## PROBLEM TO WORK ON
Copy out all of the data word for word. Omit every picture.

## INFORMATION PROVIDED
◇ ◇ ◇ ◇ ◇

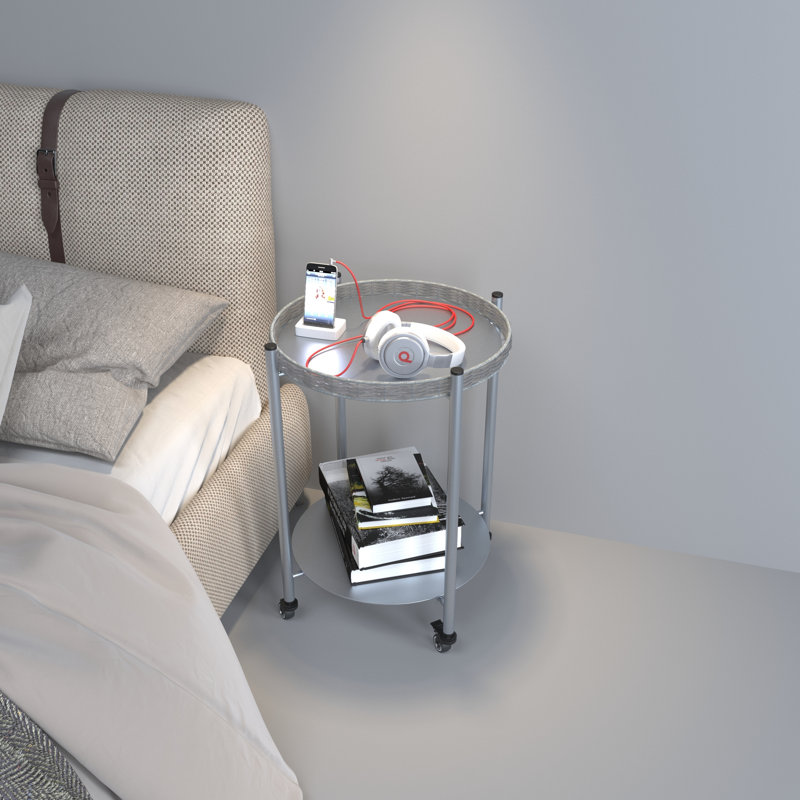 Round Silver Gray Metal Movable Table With Wheels, 2 - Tier Design For Bedroom And Living Room, Effortless Movement, Spacious Shelves Toiletries Perfect As Nightstand Or End Table, Mobility, Books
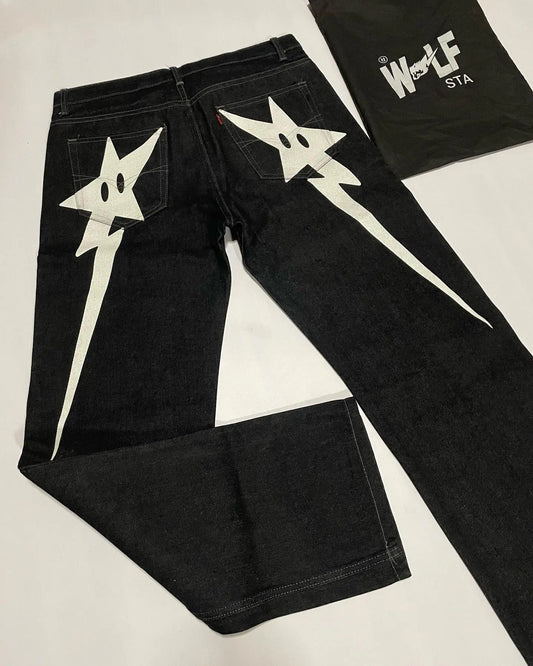 WOLFSTA™ Star Baggy Jeans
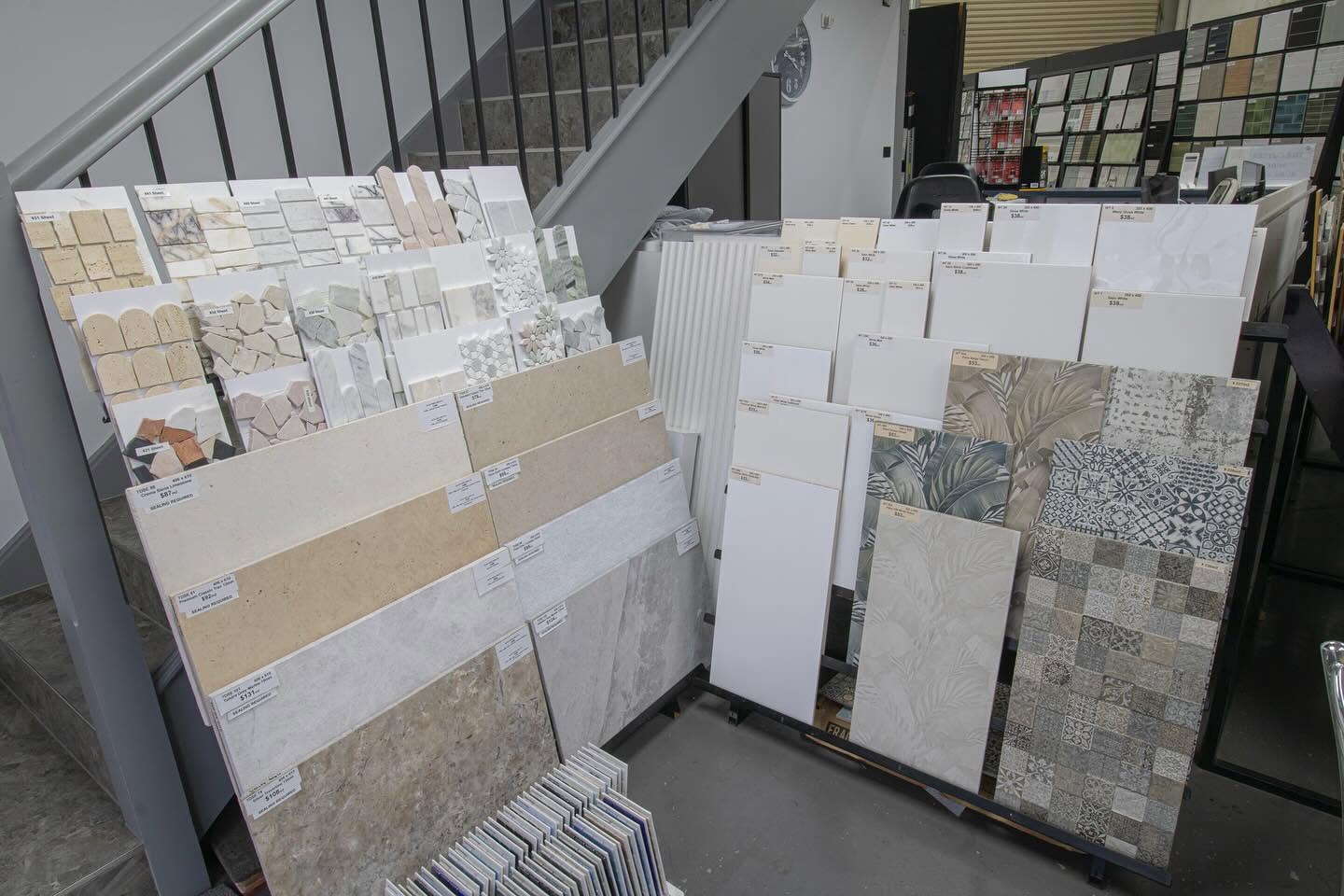 Tile showroom displays with a wide selection of wall and floor tile samples – Wollondilly Tiles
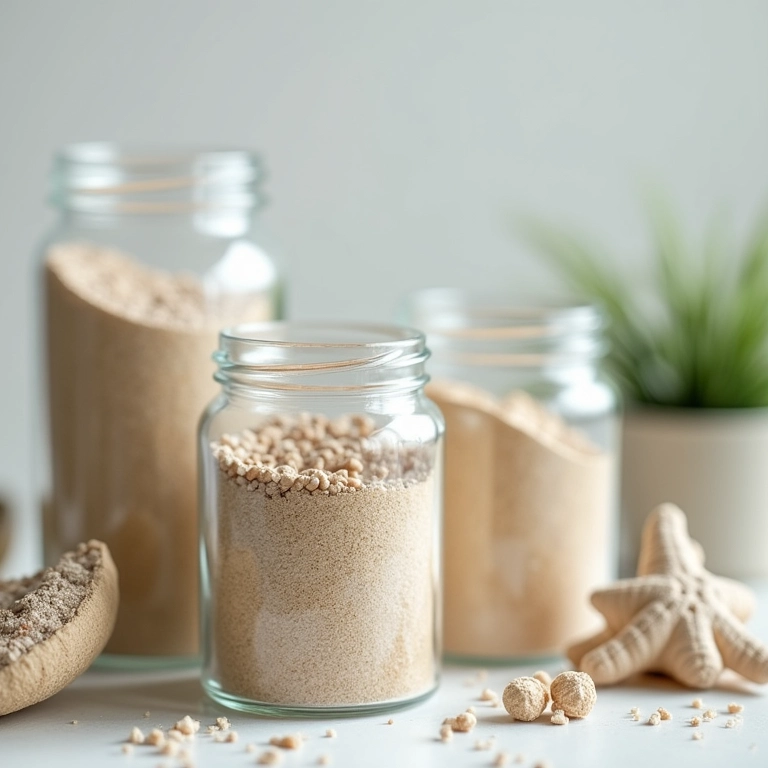 Areia decorativa em potes de vidro, decoração com tema praiano.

◇ ◇ ◇ ◇ ◇

## YOUR SOLUTION
 Round Silver Gray Metal Movable Table With Wheels, 2 - Tier Design For Bedroom And Living Room, Effortless Movement, Spacious Shelves Toiletries Perfect As Nightstand Or End Table, Mobility, Books
 WOLFSTA™ Star Baggy Jeans
 Tile showroom displays with a wide selection of wall and floor tile samples – Wollondilly Tiles
 Areia decorativa em potes de vidro, decoração com tema praiano.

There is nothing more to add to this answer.